Per provare a vederci più chiaro, il matematico Qingyuan Zhang, primo autore dell’articolo pubblicato su Proceedings of the Royal Society A, ha sviluppato ticktack il primo pacchetto Python open source che collega i modelli del ciclo del carbonio con i moderni strumenti di inferenza bayesiana. Gli autori lo hanno usato per analizzare tutti i dati pubblici degli alberi e dedurre i parametri a posteriori per tutti e sei gli eventi Miyake noti.

«Poiché è possibile contare gli anelli di un albero per identificarne l’età, si possono osservare eventi cosmici storici che risalgono a migliaia di anni fa», spiega Zhang. «Quando le radiazioni colpiscono l’atmosfera, producono carbonio-14 radioattivo, che filtra attraverso l’aria, gli oceani, le piante e gli animali e produce un record annuale di radiazioni negli anelli degli alberi. Abbiamo modellato il ciclo globale del carbonio per ricostruire il processo in un periodo di 10mila anni, per ottenere informazioni sulla portata e sulla natura degli eventi Miyake».

Sebbene la teoria comune abbia sempre indicato che gli eventi Miyake fossero correlati a giganteschi brillamenti solari, i risultati ottenuti dal team non vanno in quella direzione: gli autori non hanno trovato una chiara relazione tra gli eventi e il ciclo solare, o tra l’ampiezza e la latitudine, come è stato affermato in precedenza. «Abbiamo dimostrato che non sono correlati all’attività delle macchie solari e alcuni in realtà durano uno o due anni. Piuttosto che una singola esplosione o un brillamento istantaneo, potrebbe essere stata una sorta di tempesta o esplosione astrofisica», afferma Zhang.

«Sulla base dei dati disponibili, c’è circa l’uno per cento di possibilità di vederne un altro entro il prossimo decennio. Ma non sappiamo come prevederlo o quali danni potrebbe causare. Queste probabilità sono piuttosto allarmanti e gettano le basi per ulteriori ricerche», conclude Pope.

Se un evento Miyake dovesse verificarsi oggi, l’improvviso e drammatico aumento della radiazione cosmica potrebbe essere devastante per la biosfera e la società tecnologica.

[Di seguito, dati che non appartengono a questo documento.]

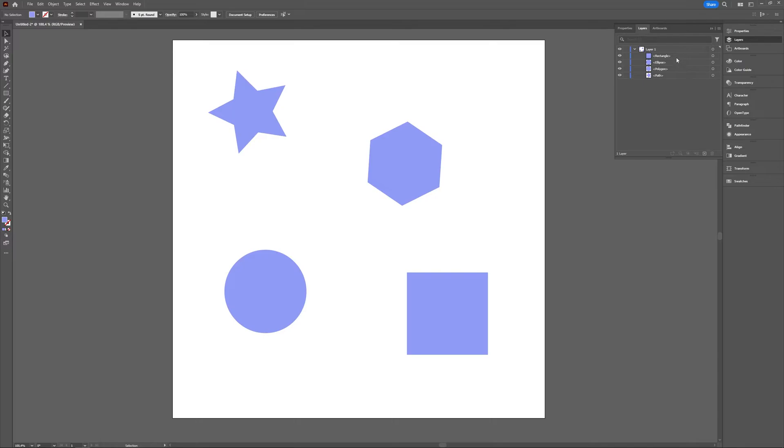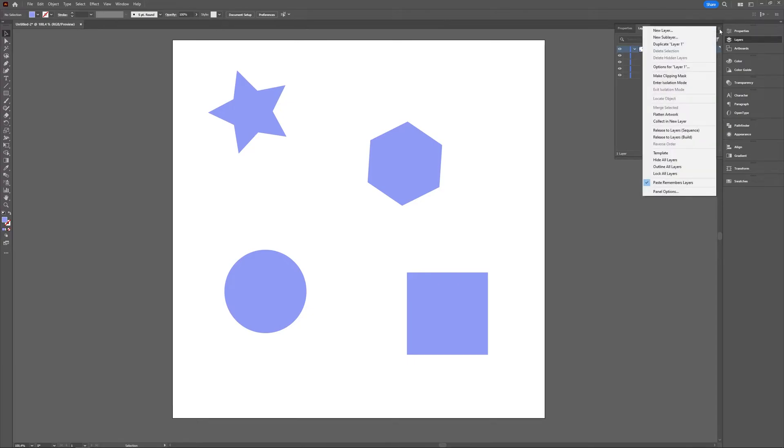What you can do then is just select layer one and go to this hamburger icon and click the hamburger icon and here you can release to layers in sequence.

Un evento come quello del 774 d.C. dovrebbe essere più di un ordine di grandezza più grande dell’evento di Carrington, la più grande tempesta geomagnetica mai osservata. È anche probabile che l’evento del 774 d.C. abbia causato un impoverimento di circa l’8,5 per cento della copertura globale di ozono, con un effetto significativo ma non catastrofico sulle condizioni meteorologiche.

L’origine e la fisica di questi picchi di radiocarbonio sono quindi importanti non solo per gli astronomi e gli archeologi, ma per la pianificazione e la mitigazione del rischio nella società in generale.